Across the global markets, uncertainty surrounding trade tensions and political events has led to a pause in the development pipeline, causing low vacancy rates and driving rental growth up. Over the next three years, global markets, generally short of high quality supply, will see further demand from both tech and co-working occupiers as new waves of the digital revolution maintain growth momentum for office demand in tech-orientated global cities.

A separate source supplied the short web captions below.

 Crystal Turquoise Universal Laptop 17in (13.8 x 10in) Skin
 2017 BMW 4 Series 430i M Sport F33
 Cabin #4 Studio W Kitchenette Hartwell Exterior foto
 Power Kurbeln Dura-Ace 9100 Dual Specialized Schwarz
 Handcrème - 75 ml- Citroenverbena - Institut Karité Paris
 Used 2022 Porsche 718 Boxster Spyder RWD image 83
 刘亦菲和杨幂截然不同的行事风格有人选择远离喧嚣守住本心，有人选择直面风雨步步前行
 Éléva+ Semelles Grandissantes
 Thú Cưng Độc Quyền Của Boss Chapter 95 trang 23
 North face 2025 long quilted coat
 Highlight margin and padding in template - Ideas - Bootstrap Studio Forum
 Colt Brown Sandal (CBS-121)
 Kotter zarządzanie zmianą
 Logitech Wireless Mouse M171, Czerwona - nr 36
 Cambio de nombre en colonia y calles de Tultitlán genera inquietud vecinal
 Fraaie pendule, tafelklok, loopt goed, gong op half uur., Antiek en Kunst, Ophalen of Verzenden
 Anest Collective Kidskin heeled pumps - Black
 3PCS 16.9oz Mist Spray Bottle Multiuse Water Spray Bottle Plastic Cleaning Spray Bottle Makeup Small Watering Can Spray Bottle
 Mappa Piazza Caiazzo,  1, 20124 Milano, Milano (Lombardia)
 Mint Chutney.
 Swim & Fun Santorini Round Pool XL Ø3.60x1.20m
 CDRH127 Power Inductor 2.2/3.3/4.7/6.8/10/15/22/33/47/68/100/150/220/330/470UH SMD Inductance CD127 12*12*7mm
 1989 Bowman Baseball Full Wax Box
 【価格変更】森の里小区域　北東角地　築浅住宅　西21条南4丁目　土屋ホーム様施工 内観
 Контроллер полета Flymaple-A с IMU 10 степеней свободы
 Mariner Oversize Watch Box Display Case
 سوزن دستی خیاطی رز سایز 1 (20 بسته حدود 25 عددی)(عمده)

William Beardmore-Gray, Head of Occupier Services and Commercial Agency, Knight Frank “Occupiers face two contradictory pressures in 2019. The geo-political threats, like BREXIT and the US/China trade war, make it difficult for firms to plan the future. However, business pressures to expand market share, recruit talent and enter new markets, are pushing them to address their property needs. Limited supply of new offices, following years of under development, mean that many occupiers will feel compelled to enter the market in 2019, and acquire space before someone else takes their preferred option for a future headquarters building.”
Knight Frank’s 10 key opportunity areas for investors in 2019:
- European logistics: The sector is already very popular with the past two years seeing record investment volumes.
- Second tier office markets: The likes of Madrid and Warsaw, where occupier markets have been slower to hit the expansion phase offer a compelling investment and development opportunity.
- Global R&D hubs: Tight development pipelines mean that locations such as Boston, the San Francisco Bay Area, Amsterdam and London will deliver strong future rental growth.
- Senior Living: The biggest global demographic trend underpins this sector, which is still embryonic in most markets.
- Private Rental Sector/Multifamily: Where the US has led, the UK and Europe have followed with burgeoning pipelines of stock delivered in 2018.
- Flexible Offices: Office occupiers from all sectors and of all sizes are seeking product that better aligns real estate to their disrupted, fast moving operational reality.
- Healthcare: Western European countries including the UK, France, Germany, Spain, The Netherlands and the Nordics are expected to lead the way in terms of attracting capital into healthcare in 2019.
- Hotels: Hotel operators who can leverage technological innovation, and capitalise on data capture will deliver enhanced performance and returns.
- Retail: The rise of online has turned sentiment against retail and pricing has in many markets moved accordingly.
- True mixed-use: The retreat of retail from CBDs demands a radical approach to mixed-use and place-making opportunities.